[Short text fragments from websites]

□ □ □ □

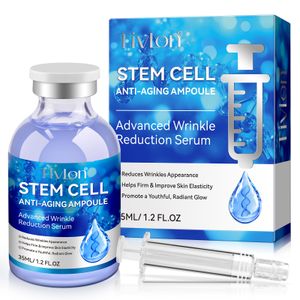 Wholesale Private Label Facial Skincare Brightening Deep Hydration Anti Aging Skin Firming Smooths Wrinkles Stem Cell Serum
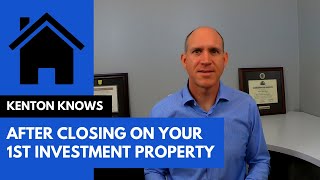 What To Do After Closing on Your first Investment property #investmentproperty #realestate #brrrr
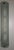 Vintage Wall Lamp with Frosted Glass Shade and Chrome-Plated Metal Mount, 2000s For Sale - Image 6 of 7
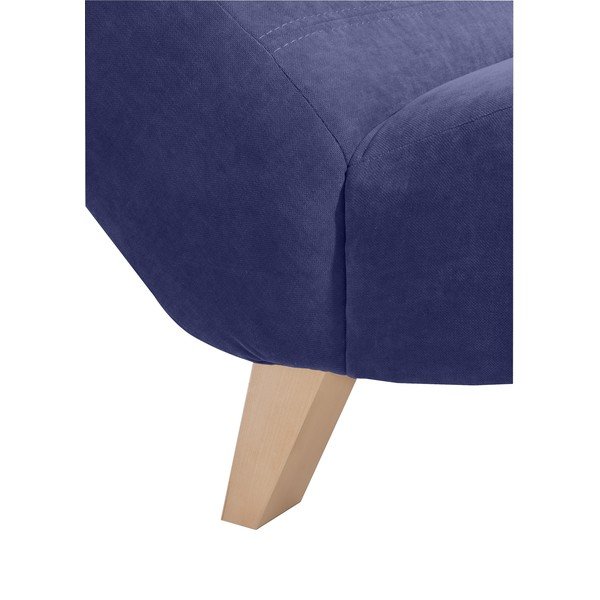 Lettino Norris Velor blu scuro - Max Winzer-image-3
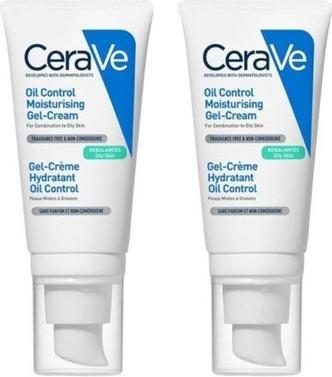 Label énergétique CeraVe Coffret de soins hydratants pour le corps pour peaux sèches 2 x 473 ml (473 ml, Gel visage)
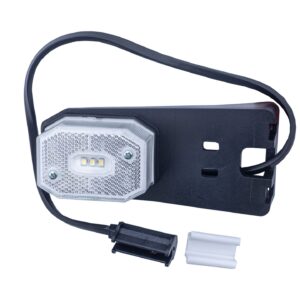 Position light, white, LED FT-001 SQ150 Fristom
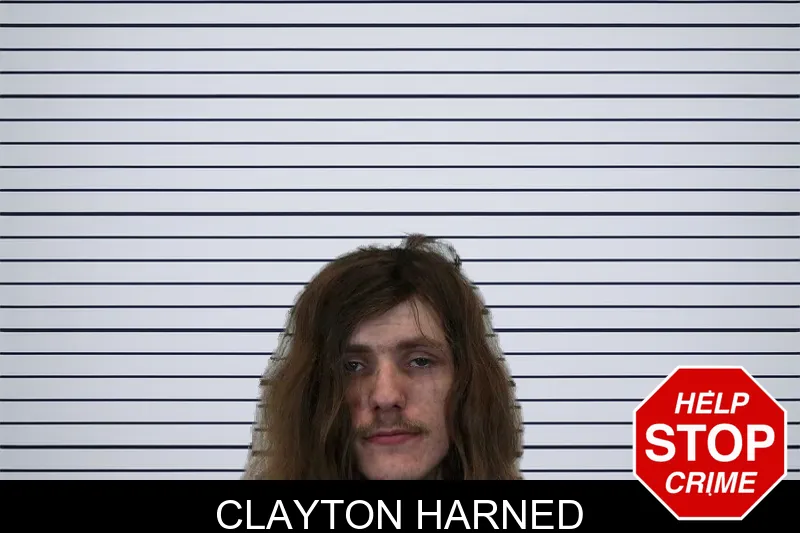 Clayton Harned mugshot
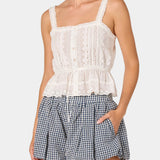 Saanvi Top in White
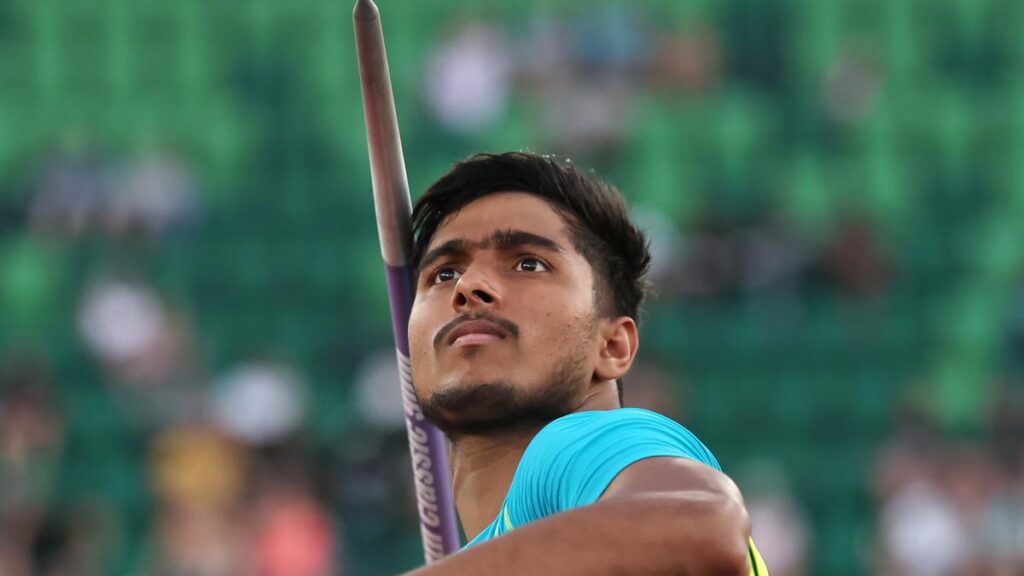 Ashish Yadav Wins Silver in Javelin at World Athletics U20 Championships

□ □ □ □

TASK:
Extract exactly the lines above from the line containing "Saanvi Top in White" through the last one, both ends included, but not the pictures.

RESULT OF THIS TASK:
 Saanvi Top in White
 Ashish Yadav Wins Silver in Javelin at World Athletics U20 Championships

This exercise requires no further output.